A Maurice Sendak sketch for the puppets used in the opera “Where the Wild Things.” Image by Janny Chiu/The Morgan Library and Museum

Wildest of all Sendak’s designs was the one he created for the 1984 opera adaptation of “Where the Wild Things Are,” an incomplete version of which was first produced in 1980. “Where the Wild Things Are,” for the sadly uninitiated, concerns a young boy named Max who floats off to an island where he becomes king of the Wild Things, larger-than-life monsters with glowing yellow eyes and insatiable appetites for entertainment. On page, the Wild Things are comfortably large, designed to make children shudder just a little. On stage, the Wild Things were so large as to be nearly unmovable; Sendak designed them to be between eight and 10 feet tall, and weigh as much as 150 pounds. Each was operated by three people: A singer, who voiced the Wild Thing from the wings, a puppeteer inside the Wild Thing suit who moved it around the stage, and an offstage operator with remote control over the eyes. (One of those Wild Things, named Moishe, was another Sendak self-portrait: Same enormous, innocent eyes and broad, shy grin.) In a sketch demonstrating how the Wild Things ought to work, Sendak drew an unembellished human body, smooth and mostly boring, strapped inside the rough and wonderful exterior of a Wild Thing. The Wild Thing’s mouth, he noted on the page, “does not move — remains slightly agape.” But, he wrote and underlined, “eyes must move!”
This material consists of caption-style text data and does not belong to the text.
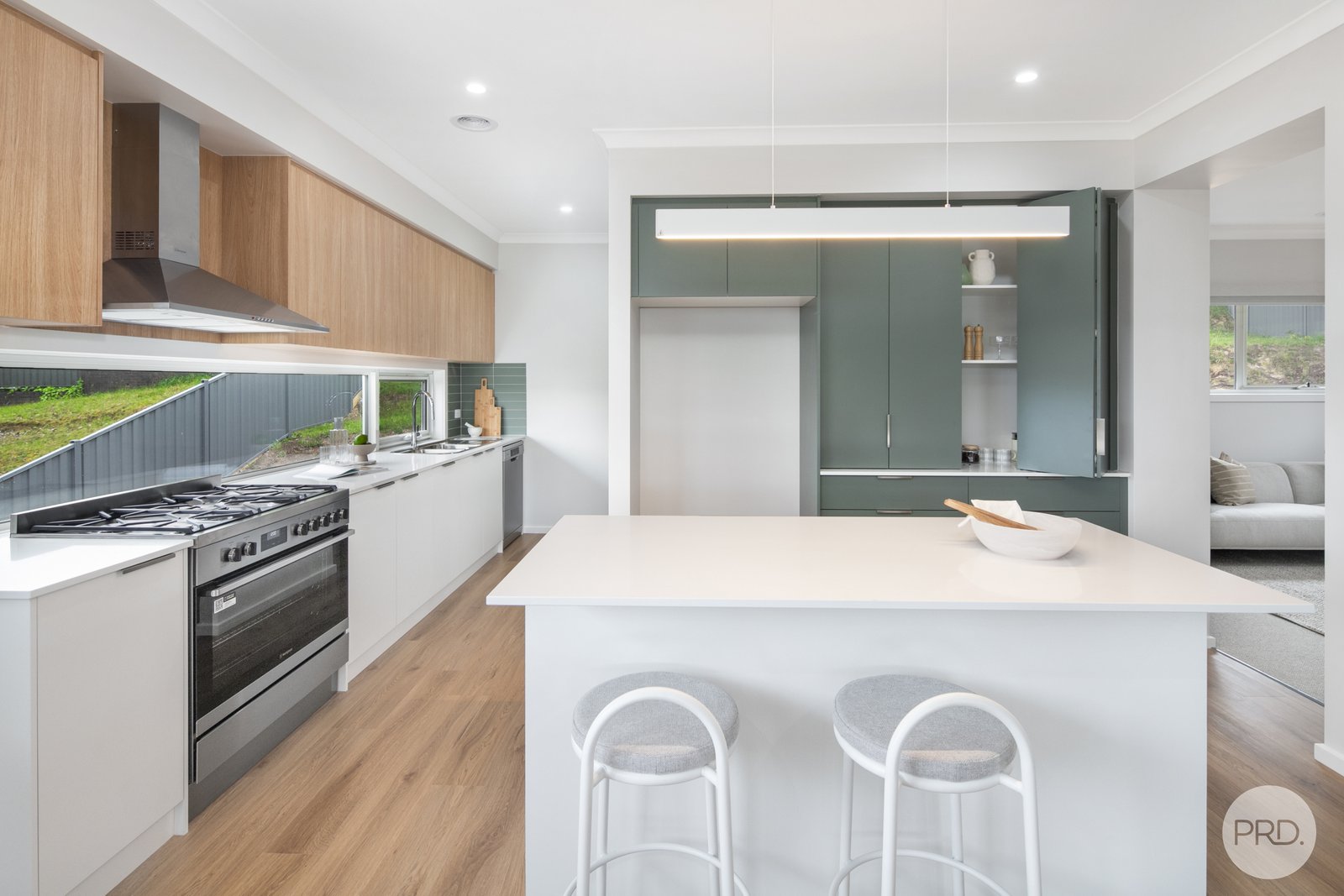 4 Highview Court BLACK HILL 2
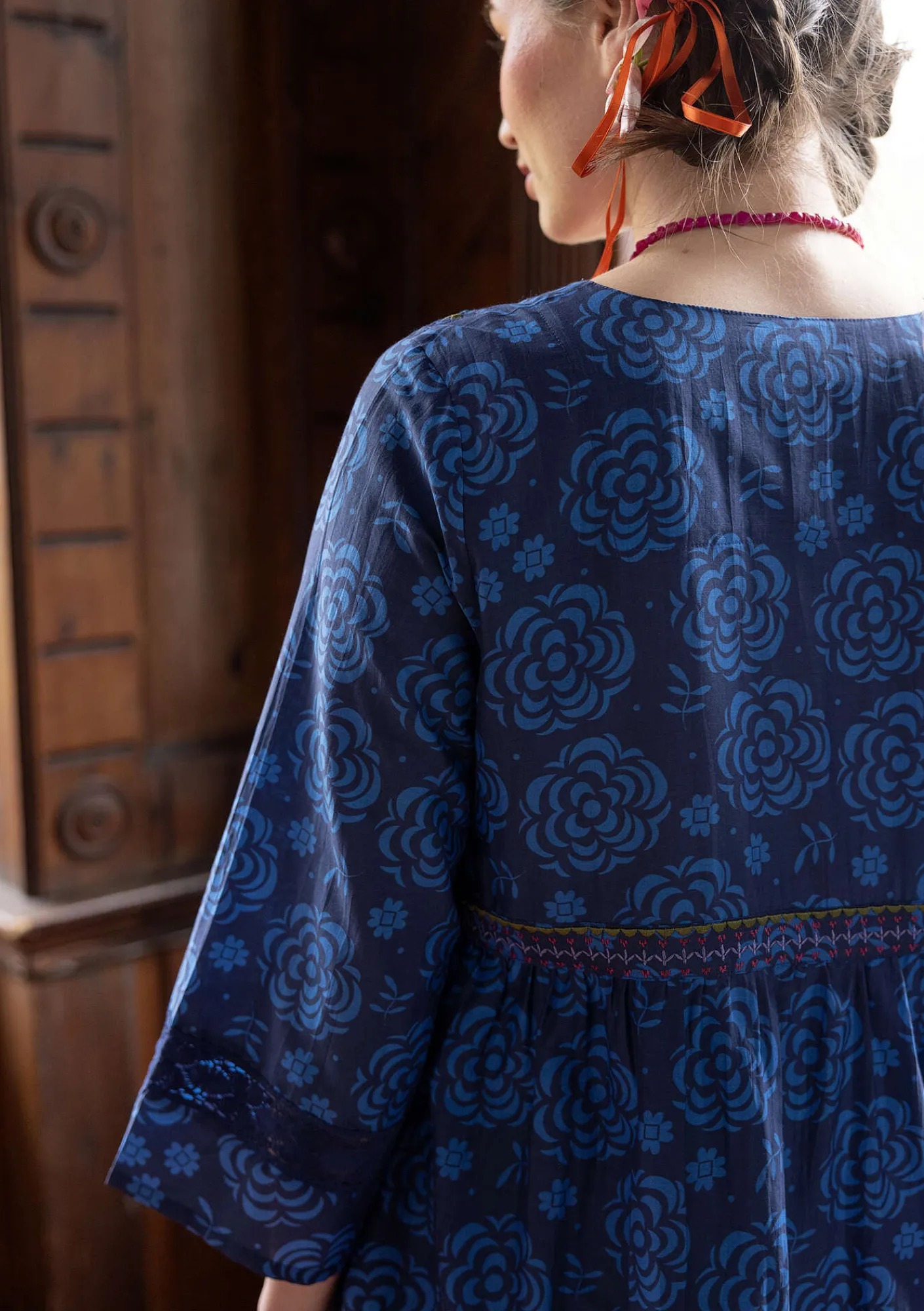 Gudrun Sjödén Kleider>Webkleid „Kamelia“ aus Bio-Baumwolle/Seide Indigoblau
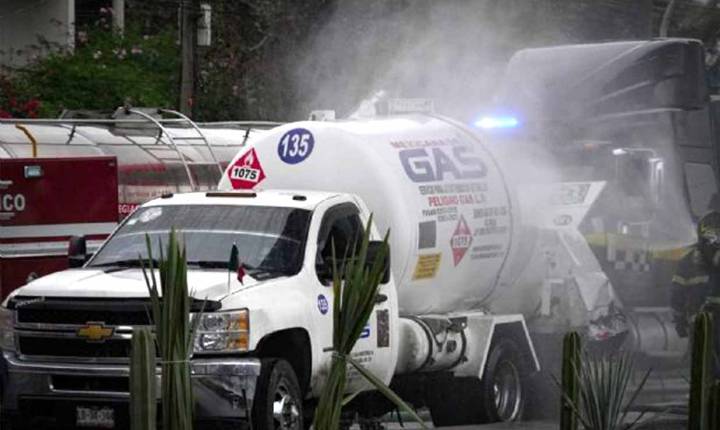 Nuevo choque con pipa provoca fuga de gas en la CDMX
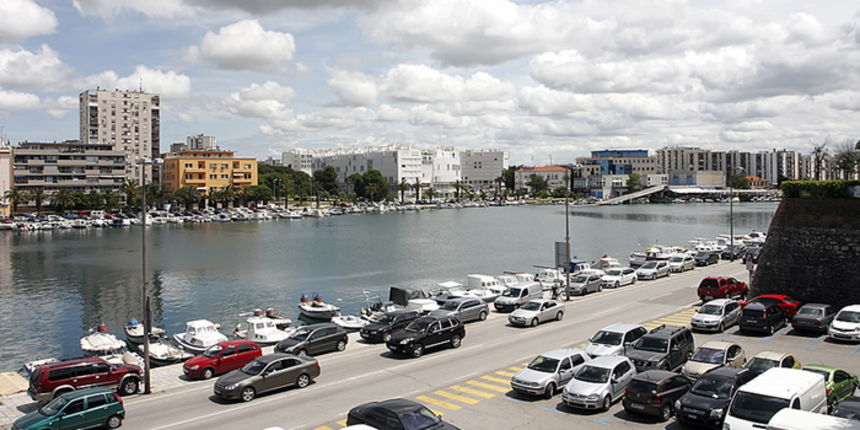 Đir po gradu 22. svibnja 2013, Obala kralja Tomislava; Luka/parkiraliste/promet. Foto: Čedo Kaica Đir po gradu 22. svibnja 2013, Obala kralja Tomislava; Luka/parkiraliste/promet. Foto: Čedo Kaica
Sendak knew humans were at their best when they understood themselves to be part of a mysterious and unmanageable world. Their eyes should be open and active. They should be so awestruck that they would be left, just like Wild Things, with mouths slightly agape. Onstage, Sendak’s work was a testament to his bone-deep belief in storytelling’s ability to turn people into ideal versions of themselves, who were childlike and full of wonder. Designing “The Magic Flute,” he took particular care with the figures of three child spirits who appear to guide the hero on his quest. “I trust children too,” he said. In his world, we could all be so good. And, briefly, we were.